Cuando yo era niño, el calor se asumía con resignación. Quizás servía a los mayores para conversar con los vecinos, después de cenar, sentados en la calle. “Qué bochorno, ¿verdad?”. “¡No habrá quien duerma esta noche!”. “¡Suerte que estamos de vacaciones!”, decían los que las hacían (nota: no todos; mi padre nunca hizo vacaciones). Esto era antes: fatalismo y abdicación. Se daba por sentado que las cosas son como son. Era el realismo sumiso de la generación de los que vivieron la guerra o la posguerra. Acostumbrados al infortunio, no cuestionaban nada: conocían el precio de la rebelión.

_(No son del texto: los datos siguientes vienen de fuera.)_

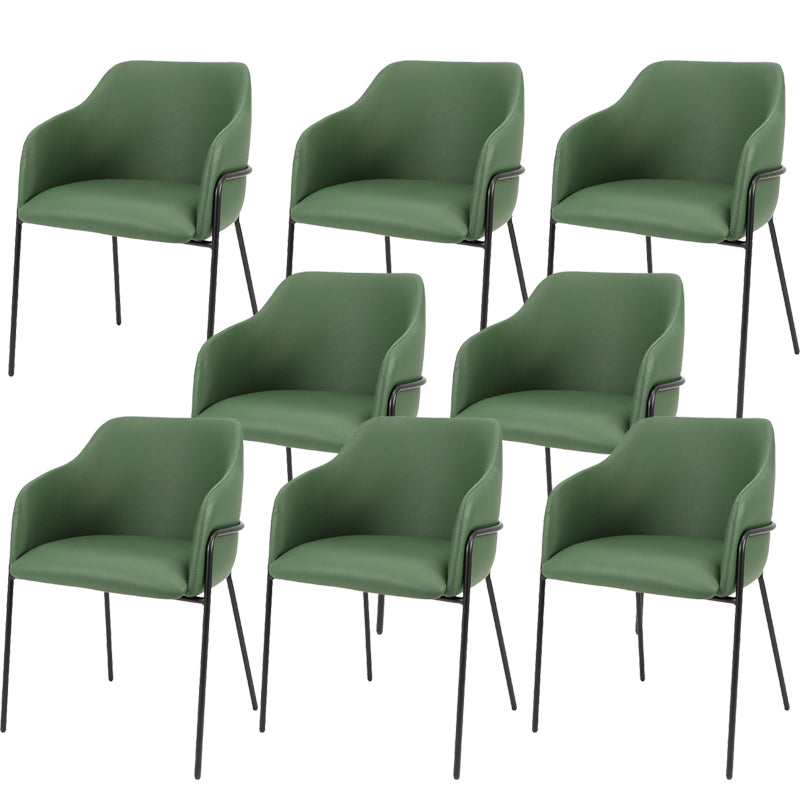 Metal Legs Parsons Chair Contemporary Style Indoor-Outdoor Chair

Muchos de ellos pasaron hambre. Vieron morir a vecinos o parientes por cualquier bagatela ideológica. Raramente se quejaban. Conocían el valor del silencio: un pasaporte imprescindible para ir por la vida. ¿Prohibían la lengua, censuraban las películas, les apabullaban en cualquier ventanilla pública? Inclinaban la cabeza. ¿Hacía calor? Lo soportaban. Sin haber leído a Epicteto o a Marco Aurelio, eran estoicos.
El calor actual suscita tres variantes del malestar: temperatura, mensaje y lamento
El calor actual suscita tres variantes del malestar. Por un lado, está el bochorno propiamente dicho. Llegamos a menudo a los 40 grados. Atravesar las calles urbanas es una proeza. “El sol es un martillo en las calles vacías”, escribía Pere Gimferrer en una sección del libro L’espai desert. Una metáfora precisa.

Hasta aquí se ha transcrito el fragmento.